What the task requires — Each entry is to be given again precisely, and no picture may be carried over.

Image-text web data:
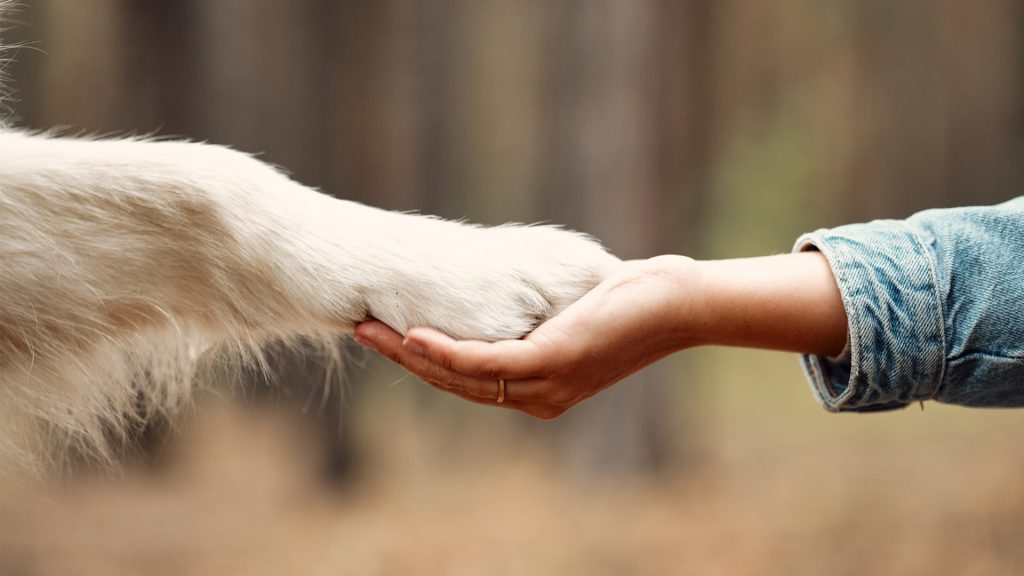 Patte d'un chien blond reposant dans une main, avec fond flou automnal.
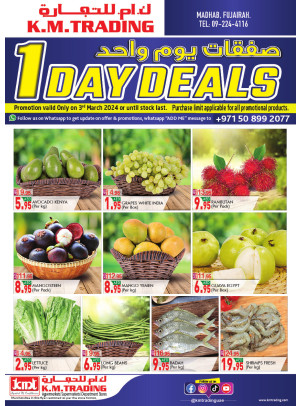 One Day Deals - Fujairah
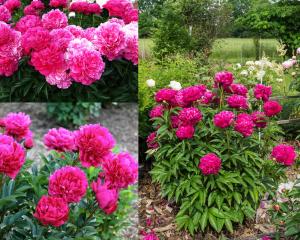 Kansas şakayık soğanı kokulu paeonia lactiflora peony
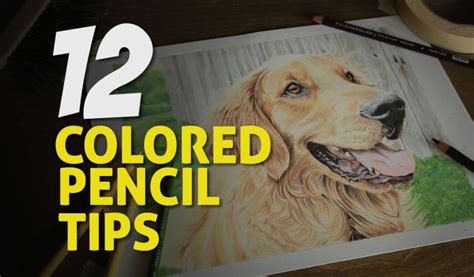 12 of my best tips for colored pencil drawing | Color pencil drawing ...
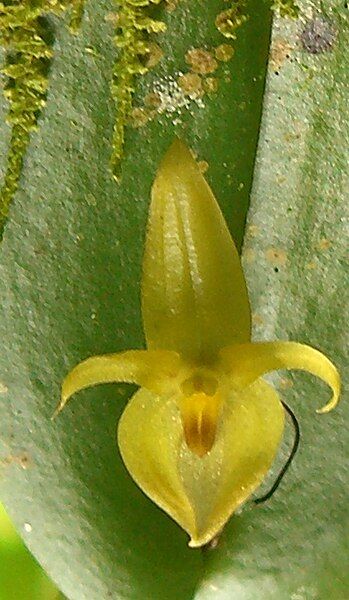 File:Pleurothallis phyllocardioides (2).jpg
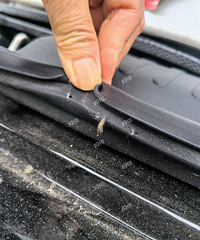 ǧ��Ҫ�ѳ���ͣ�������£�������³���С����ҧ�ĵ����ǿ�����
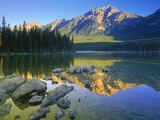 Pyramid Mt. at Sunrise, Canada Póster por Kevin Law Pyramid Mt. at Sunrise, Canada Póster por Kevin Law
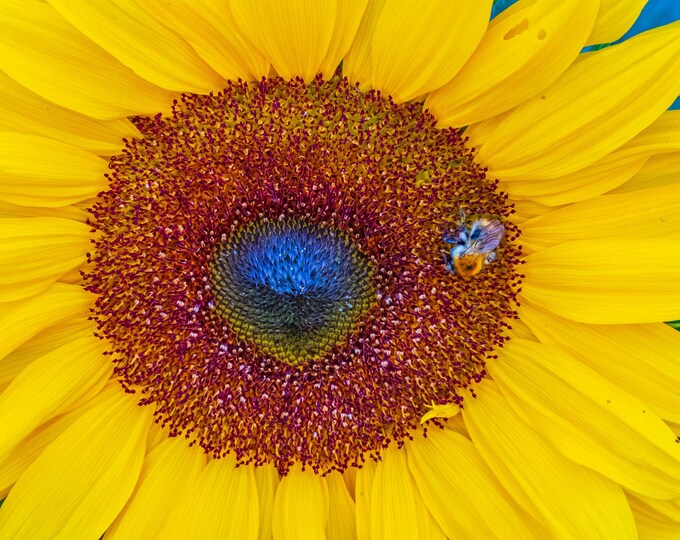 Close-Up Sunflower with Bee – Summer Nature Photo – Digital Download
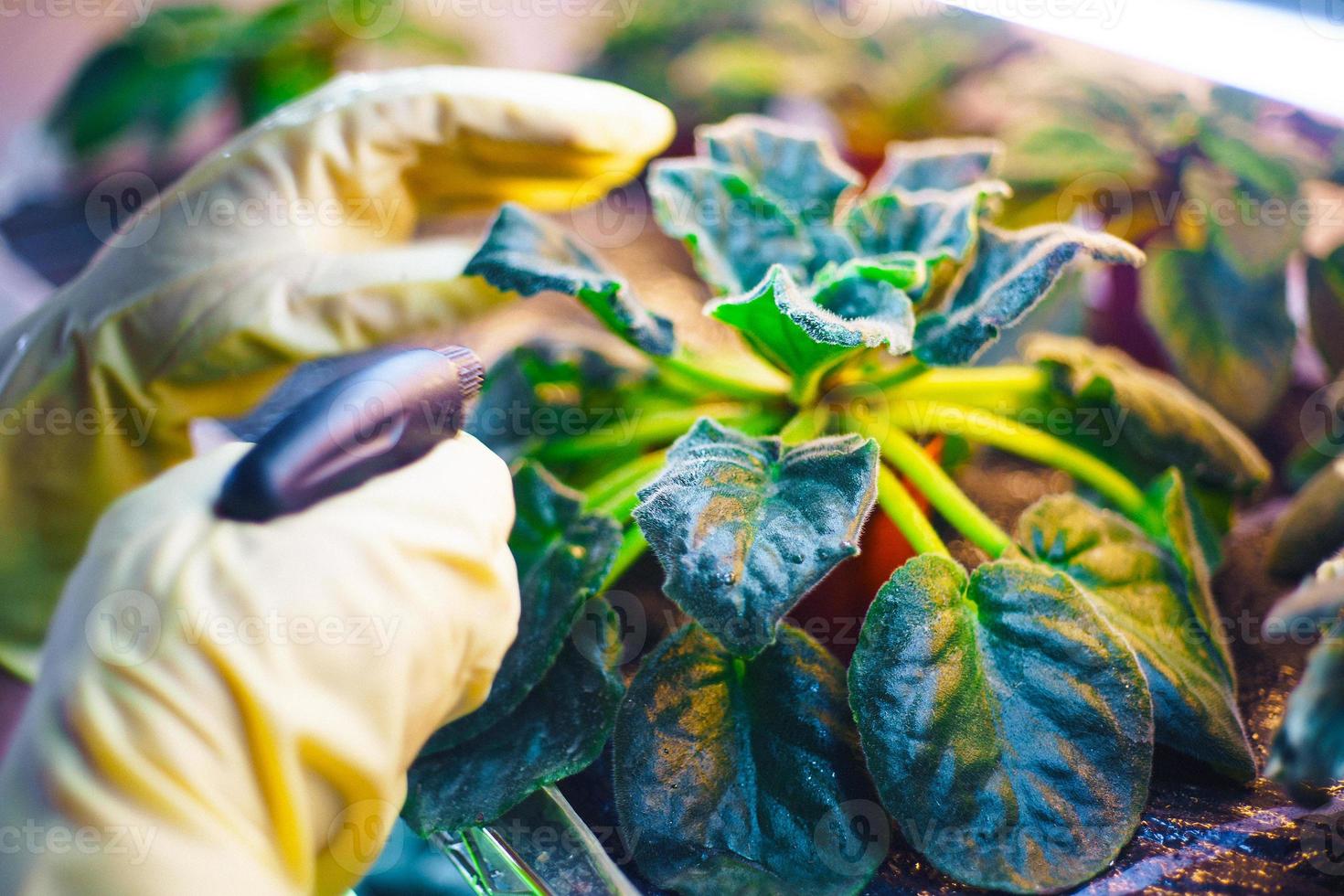 vrouw sproeien van bloemen in de tuin foto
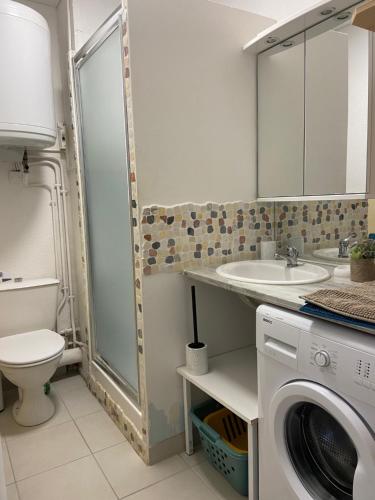 une salle de bain avec un lavabo et une machine à laver dans l'établissement SCI Eylo, à Leucate
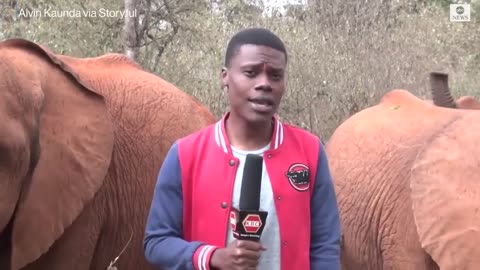 Baby elephant interrupts reporter's piece to camera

Your response —
 Patte d'un chien blond reposant dans une main, avec fond flou automnal.
 One Day Deals - Fujairah
 Kansas şakayık soğanı kokulu paeonia lactiflora peony
 12 of my best tips for colored pencil drawing | Color pencil drawing ...
 File:Pleurothallis phyllocardioides (2).jpg
 ǧ��Ҫ�ѳ���ͣ�������£�������³���С����ҧ�ĵ����ǿ�����
 Pyramid Mt. at Sunrise, Canada Póster por Kevin Law Pyramid Mt. at Sunrise, Canada Póster por Kevin Law
 Close-Up Sunflower with Bee – Summer Nature Photo – Digital Download
 vrouw sproeien van bloemen in de tuin foto
 une salle de bain avec un lavabo et une machine à laver dans l'établissement SCI Eylo, à Leucate
 Baby elephant interrupts reporter's piece to camera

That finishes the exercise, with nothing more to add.